BEGIN Source material

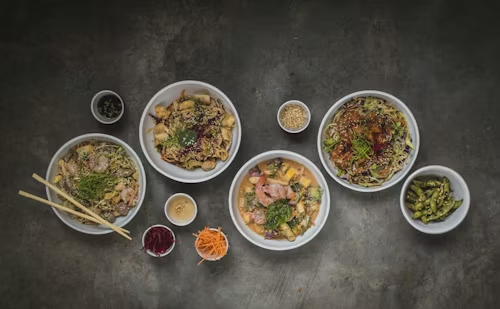 Zhuhai on the tip of the tongue: Exploring the essence of seafood and Cantonese cuisine during the maintenance of the northbound yacht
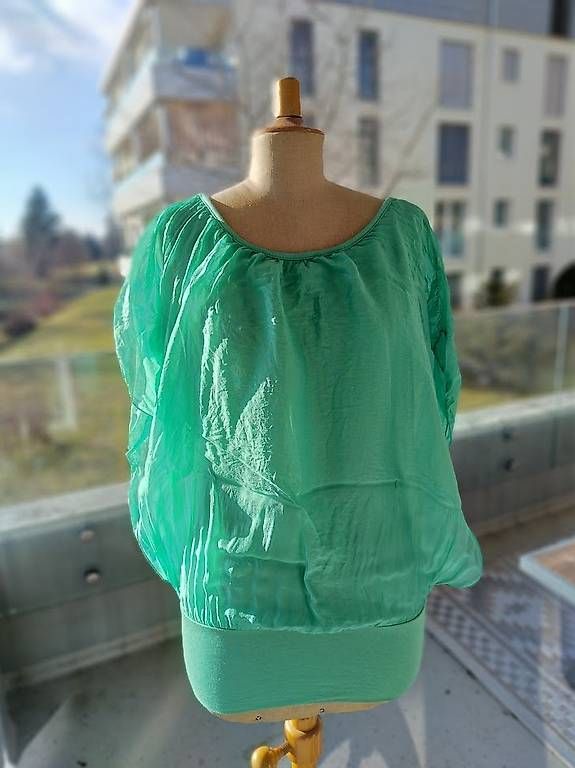 Blusen: hellgrüne Bluse (IPSY) – Gebraucht aus Wil SG von _lauraa_ 1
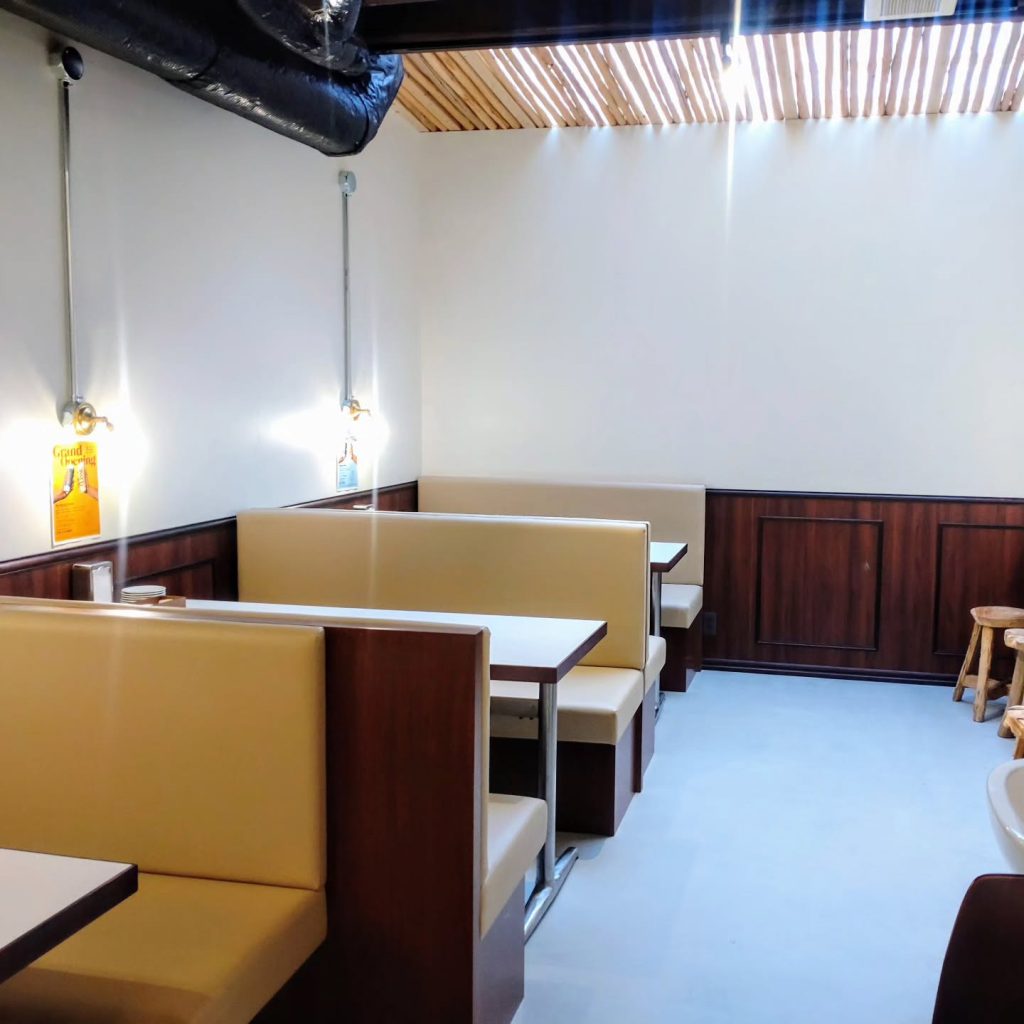 SIESTA（シエスタ）の店内のテーブル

END Source material

> [Problem details]
The answer is the run of lines from the one with "Blusen: hellgrüne Bluse" through the final line of the data, copied exactly, and nothing else; no pictures.

> [Exercise response]
 Blusen: hellgrüne Bluse (IPSY) – Gebraucht aus Wil SG von _lauraa_ 1
 SIESTA（シエスタ）の店内のテーブル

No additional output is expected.